The Chinese keyboard problem
In the digital age, the keyboards on our phones serve as the primary interface between our thoughts and the online world. For Chinese speakers, this interface comes with a hidden cost. Every known proprietary Chinese input method monitors user behavior, and without reasonably useful open source offerings, users are forced to self-censor to avoid detection.
For those who don't know what makes a Chinese keyboard different from a regular QWERTY keyboard (they use the same layout), most Chinese keyboard software includes a PinYin input method editor that attempts to figure out the best glyph for the latin letters typed.
How Pinyin input method editors work
Chinese is a uniquely complex language. There are currently 8105 汉字 (hanzi) which I'll refer to as glyphs for simplicity sake.
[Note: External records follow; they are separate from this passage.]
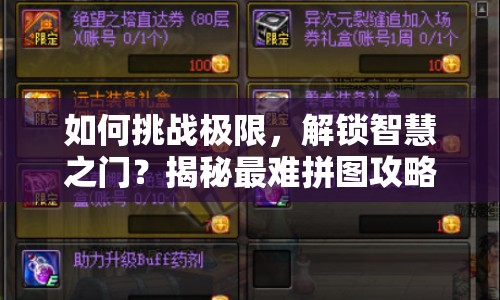 如何挑戰(zhàn)極限，解鎖智慧之門？揭秘最難拼圖攻略！
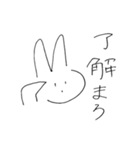 うさぎになる2（個別スタンプ：9）
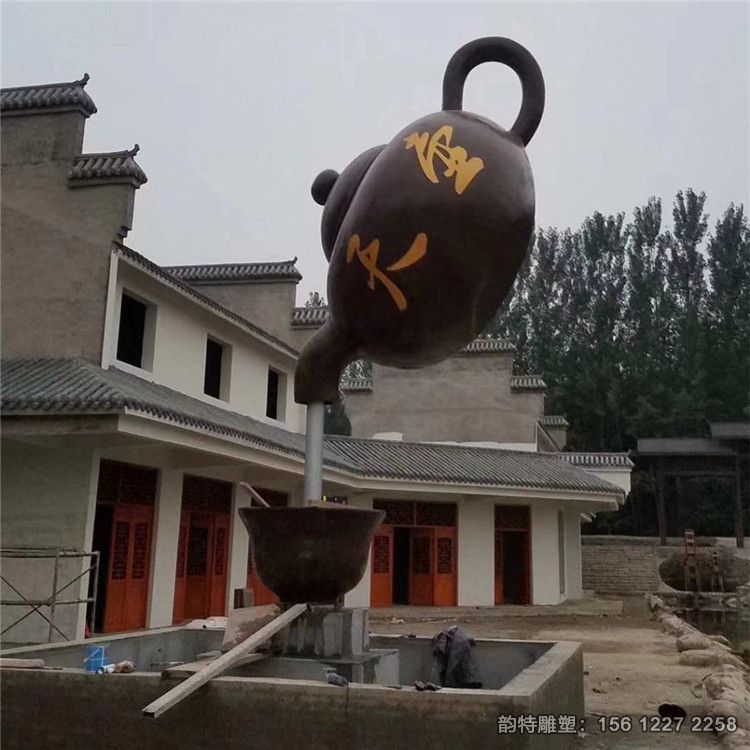 天壺雕塑02 天壺雕塑02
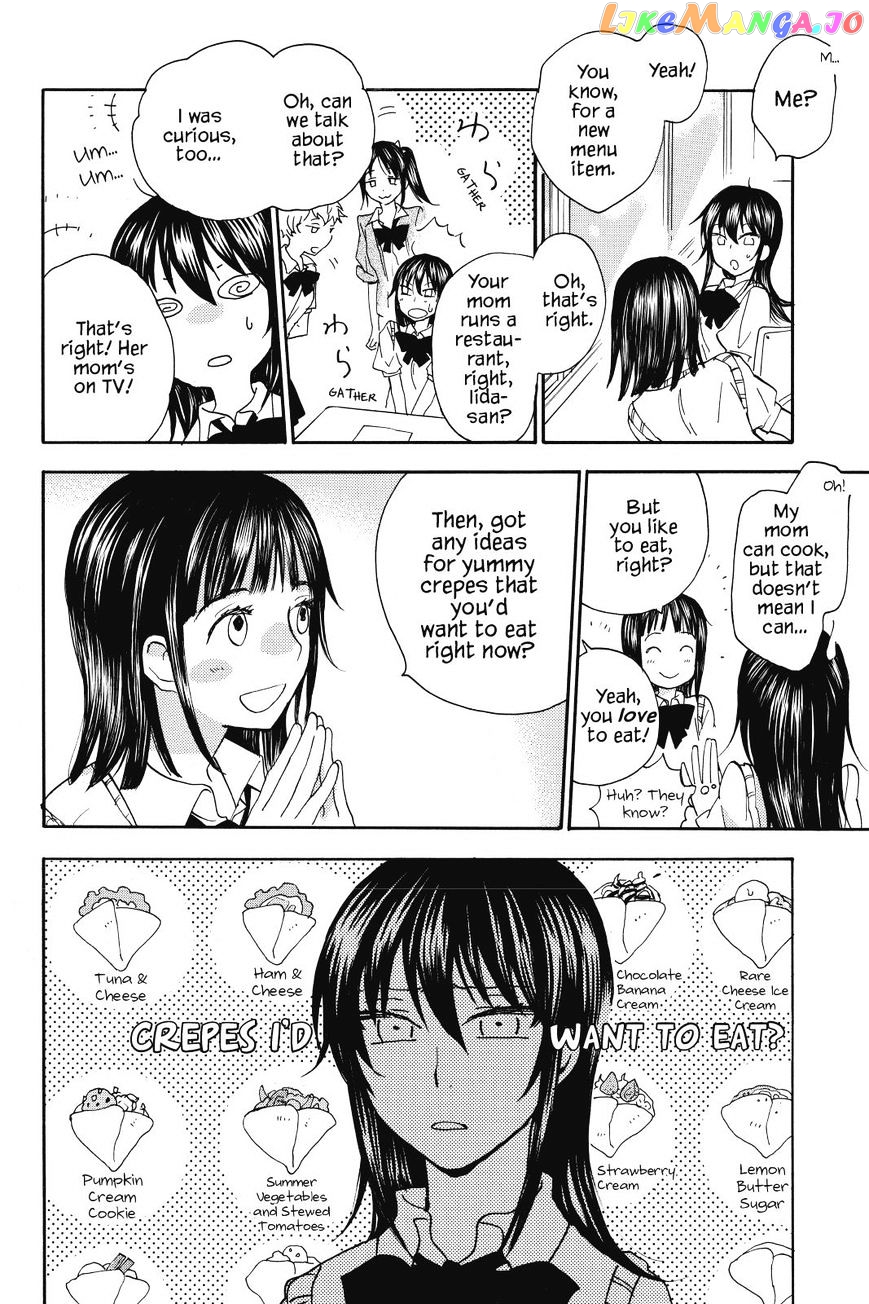 Amaama To Inazuma chapter 17 - page 6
The ability to turn something like "nihao" into "你好" is surprisingly difficult to implement correctly and effiecently. This has led to a problem where only sufficiently resourced organizations have taken on the task of developing and implementing such algorithms.
The fundamental technology required to communicate effectively on Android devices is gate kept by three large organizations, namely, Alibaba, Tencent, and Huawei. Like every large technology company in the world, these three hand over all data about a user at the request of the government.
One-sided surveillance #
Every word that is typed or spoken into the keyboards developed by the three companies listed above is transmitted back to those companies for processing11This is not unique to Chinese apps. Gboard and SwiftKey also do the same thing. by opaque neural networks that look for patterns of potential banned phrases. If that wasn't bad enough, these keyboard apps have also been used to sidestep end-to-end encryption in apps like Signal and Element, allowing authorities to view conversations from one perspective and make life-changing decisions without having the whole story.
Who is watching the watchers?
Self-censorship #
This is a very real problem in China22Also in the West with netizens saying things like unalive instead of kill to keep advertising revenue. which is partially caused by the keyboard. If everything you ever type will be analyzed, and there's no easy open-source alternative, you will most certainly censor yourself to keep the machine happy and stay under the radar.
Workarounds #
Currently there's not many workarounds that are viable for long-term use. Trime on Android is the closest option, but the barrier to entry is still much higher than tapping install and having it immediately available. Currently Trime requires you to install LibRime on Linux and extract the dictionary files required to do the automatic suggestions.